Ambrein
- Names: IUPAC name (1R,2R,4aS,8aS)-1-{(3E)-6-[(1S)-2,2-dimethyl-6-methylidenecyclohexyl]-4-methylhex-3-en-1-yl}-2,5,5,8a-tetramethyldecahydronaphthalen-2-ol

Identifiers
- CAS Number: 473-03-0;
- 3D model (JSmol): Interactive image; Interactive image;
- ChEBI: CHEBI:78306;
- ChemSpider: 10000763;
- ECHA InfoCard: 100.006.784
- PubChem CID: 11826112;
- UNII: 1N9JB373FJ;
- CompTox Dashboard (EPA): DTXSID00883390 ;

Properties
- Chemical formula: C_{30}H_{52}O
- Molar mass: 428.745 g·mol^{−1}

= Ambrein =

Ambrein is a triterpene alcohol that is the chief constituent of ambergris, a secretion from the digestive system of the sperm whale. It has been suggested as the possible active component producing the supposed aphrodisiac effects of ambergris. Although ambrein itself is odorless, it serves as the biological precursor for aromatic derivatives such as ambroxide and is thought to possess fixative properties for other odorants.

It has been shown to act as an analgesic and has been proven to increase sexual behavior in rats, providing some support for its traditional aphrodisiac use.

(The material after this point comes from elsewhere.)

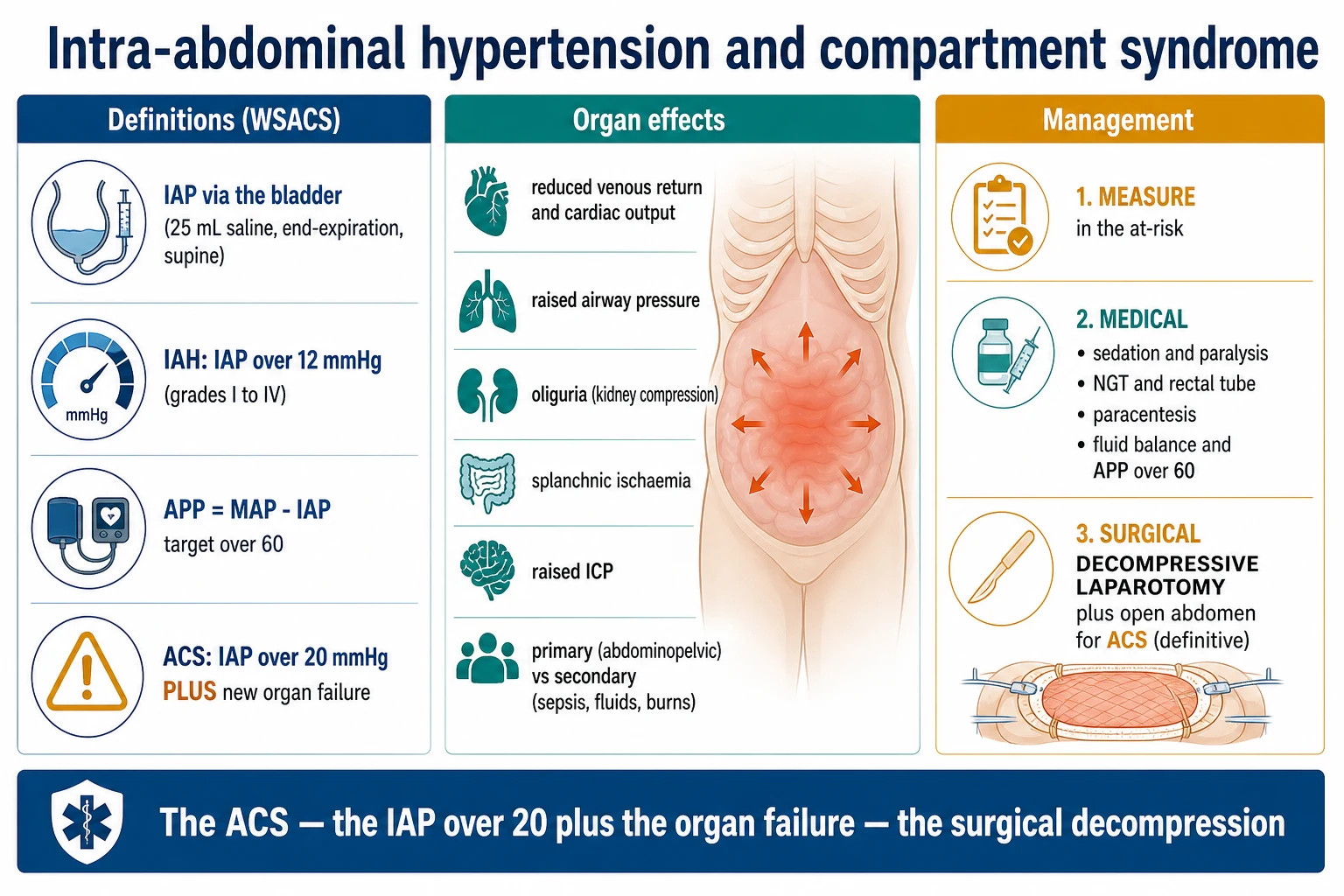 Educational schematic of abdominal compartment syndrome pathophysiology: raised intra-abdominal pressure, IVC compression, renal venous congestion, cephalad diaphragm and multi-organ failure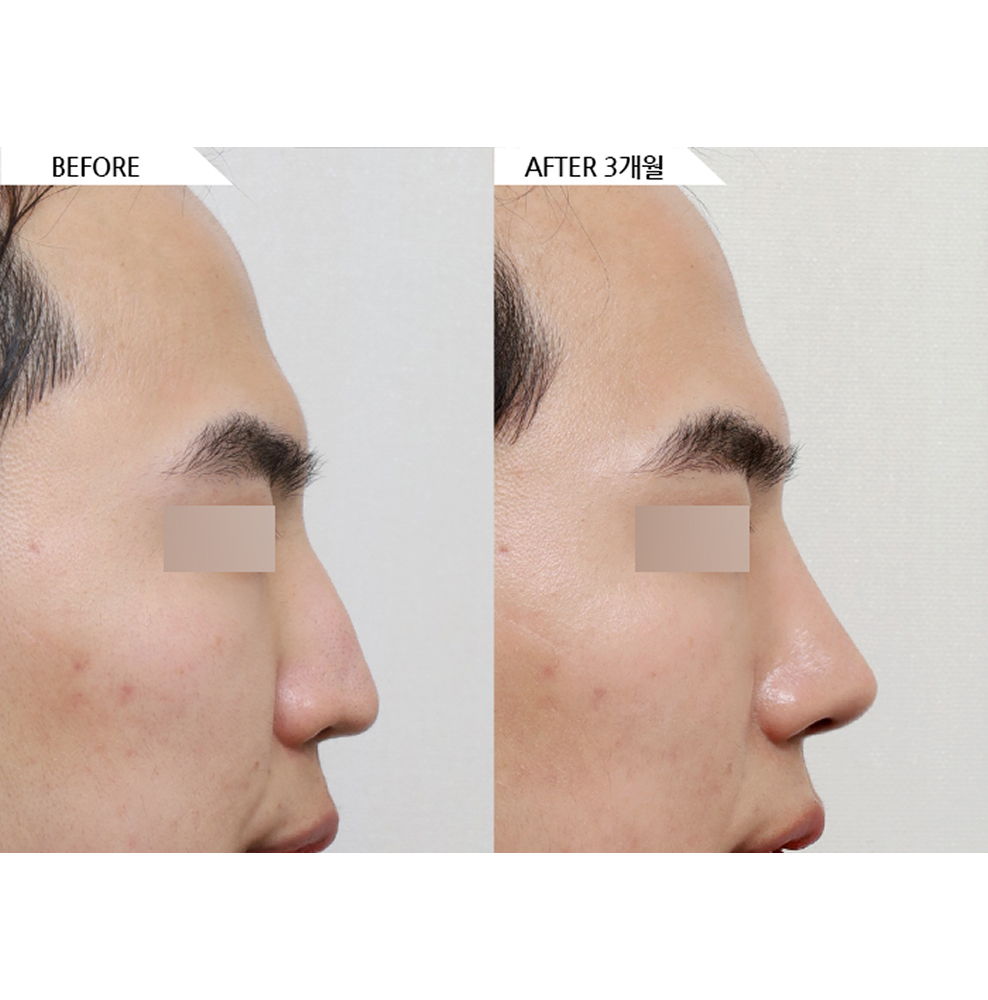 Before and after male rhinoplasty showing a more defined nose bridge and refined side profile with natural results 3 months after surgery in Korea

Apart from its supposed aphrodisiac effects, ambrein has been shown to decrease spontaneous contractions of smooth muscles in rats, guinea pigs, and rabbits. It reduces these contractions by serving as an antagonist and interfering with Ca^{2+} ions from outside the cell.

The aroma is described as (characteristically) ambergris, labdanum, amber, woody.

==Discovery==
In 1946, Ruzicka and Lardon "established that the fragrance of ambergris is based on the triterpene (named) ambrein".

== Biosynthesis ==
Ambrein is synthesized from the common triterpenoid precursor squalene. The squalene-hopene cyclase (SHC) catalyzes the cyclization of squalene into the monocyclic 3-deoxyachilleol A. Tetraprenyl-beta-curcumene synthase (BmeTC) converts 3-deoxyachilleol A into the tricyclic ambrein.